La siembra directa reduce la erosión, mantiene la cobertura y favorece la infiltración de agua y la actividad biológica. Los abonos verdes con leguminosas devuelven nutrientes y reducen costos. Los bioinsumos y el manejo biológico sustituyen, en parte, a los agroquímicos tradicionales. El encalado y la aplicación de yeso agrícola corrigen la acidez y mejoran la disponibilidad de nutrientes. Y la integración agrícola-ganadera-forestal acelera la recuperación de áreas, diversifica los ingresos y optimiza el uso del espacio y del tiempo.
Estas soluciones ya están en el campo: siembra directa y rotaciones amplias en Argentina y Brasil; cooperativas de café y cacao en Centroamérica con sombreo planificado; huertos, sistemas protegidos y compras locales en el Caribe para ampliar la oferta; integración productiva en el Cono Sur; y agricultura de precisión y bioenergía a escala en América del Norte. La clave es escalar y adaptar lo que funciona a las condiciones de cada territorio.
En el corazón de esta estrategia está la agricultura familiar. Millones de pequeñas y medianas explotaciones ponen alimentos frescos en la mesa, mantienen el ingreso en el territorio y preservan paisajes culturales. Fortalecerlas es imprescindible: crédito diferenciado y previsible; asistencia técnica presente en el terreno; cooperativismo para escalar compras, ventas y servicios. La agroindustria familiar agrega valor e inclusión de mujeres y jóvenes en la toma de decisiones. Cuando la base productiva prospera, toda la sociedad gana en seguridad alimentaria, ingresos y cohesión social.
También es esencial recordar que la agricultura en las Américas es más que alimentos: produce fibras para la industria textil, madera y celulosa para múltiples sectores, además de bioenergía a gran escala, con destaque para el etanol de caña y de maíz. Esta dimensión multiproductiva es un motor de innovación, empleo y divisas. Invertir en el campo es invertir en la prosperidad del continente.
El puente entre la ambición y el resultado se llama innovación. Está en las plataformas digitales que apoyan el manejo, en el uso de sensores para dosificar insumos con precisión, en la biotecnología de semillas más productivas y en los sistemas integrados que unen agricultura, ganadería y bosques. También está en los arreglos institucionales: cooperativas fuertes, alianzas público-privadas, redes de extensión que aprenden del productor y devuelven conocimiento útil, e instrumentos de crédito que premien ganancias de productividad sostenidas en el tiempo. Las buenas prácticas existen; la tarea ahora es escalarlas e integrarlas.
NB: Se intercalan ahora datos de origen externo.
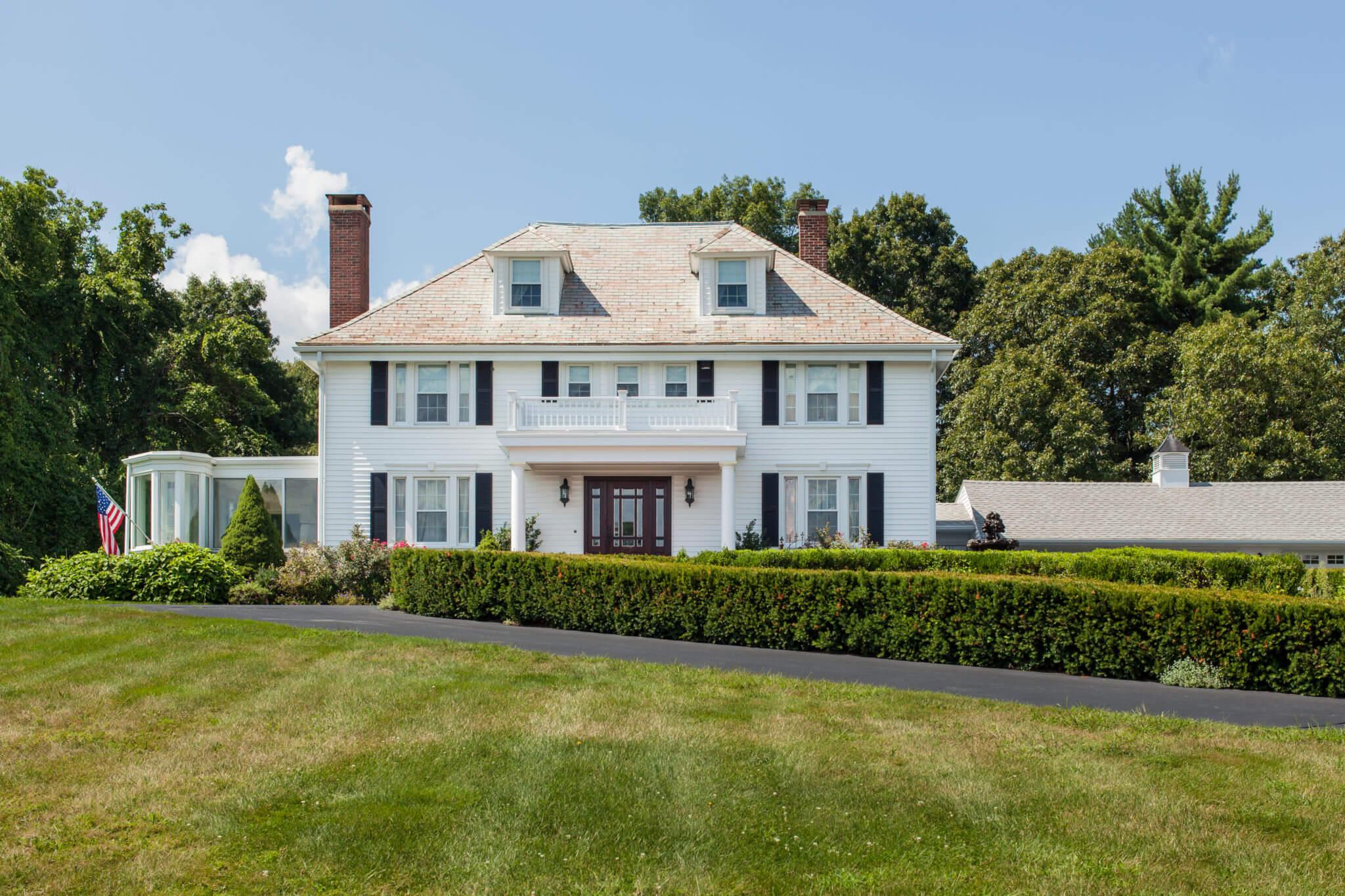 White Siding and Windows Installed on Rhode Island home by Marshall Building & Remodeling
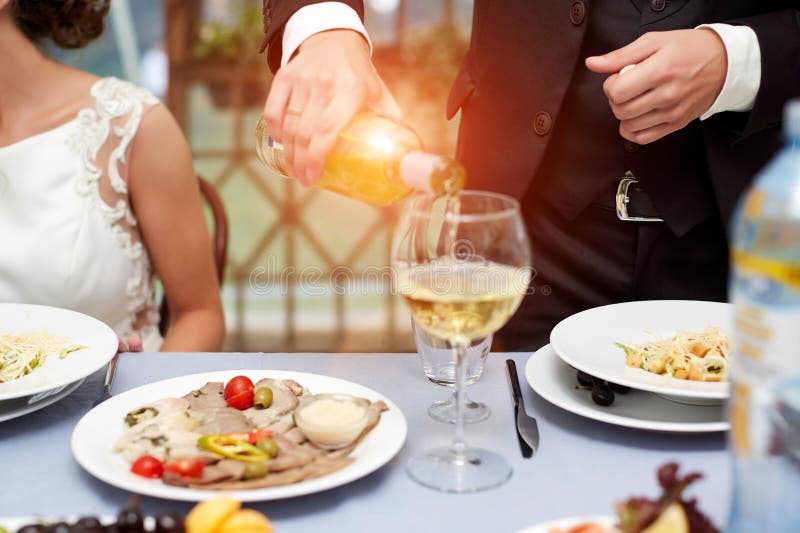 Fin horizontale d'homme caucasien dans le costume noir et la chemise blanche versant le vin rosé dans un verre grand d'une boutei images stock Fin horizontale d'homme caucasien dans le costume noir et la chemise blanche versant le vin rosé dans un verre grand d'une boutei images stock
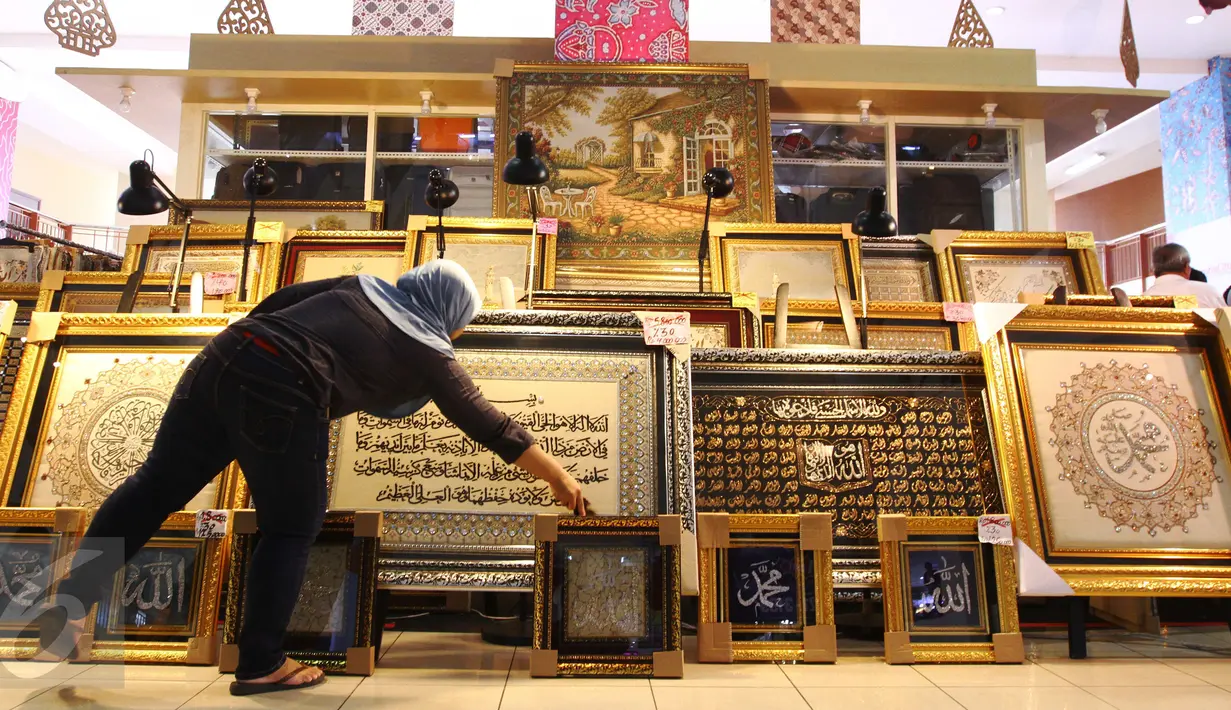 Pedagang tengah menata kaligrafi di pusat perbelanjaan di Jakarta, Rabu (22/6). Kaligrafi dijual dengan kisaran harga jual ratusan hingga puluhan juta rupiah tergantung motif dan tingkat kesulitan pembuatan. (Liputan6.com/Angga Yuniar)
El Instituto Interamericano de Cooperación para la Agricultura (IICA) desempeña un papel insustituible: es el lugar donde todos se encuentran —gobiernos, productores, investigadores y sector privado y es el puente que transforma experiencias exitosas en políticas públicas, lleva soluciones tecnológicas al campo y moviliza cooperación técnica para acelerar lo que funciona.
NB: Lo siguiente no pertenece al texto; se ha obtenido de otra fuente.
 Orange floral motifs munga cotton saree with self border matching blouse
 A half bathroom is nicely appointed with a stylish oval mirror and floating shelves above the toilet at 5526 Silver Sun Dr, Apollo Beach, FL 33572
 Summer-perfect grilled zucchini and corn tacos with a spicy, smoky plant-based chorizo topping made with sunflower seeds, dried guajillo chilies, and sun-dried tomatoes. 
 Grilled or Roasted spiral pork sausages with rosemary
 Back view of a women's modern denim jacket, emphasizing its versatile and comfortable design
La misión del IICA es transformar la diversidad de las Américas en complementariedad. El desafío es grande, pero el rumbo es claro. Es hora de responder combinando recuperación de suelos, intensificación inteligente, agricultura familiar fuerte, reducción de pérdidas e innovación, desde el campo hasta la logística. Hablar de seguridad alimentaria y de prosperidad es hablar de nuestras raíces, de nuestras bases.
Con los agricultores en el centro y la cooperación adecuada, el continente estará a la altura de lo que el mundo espera y de lo que la sociedad merece.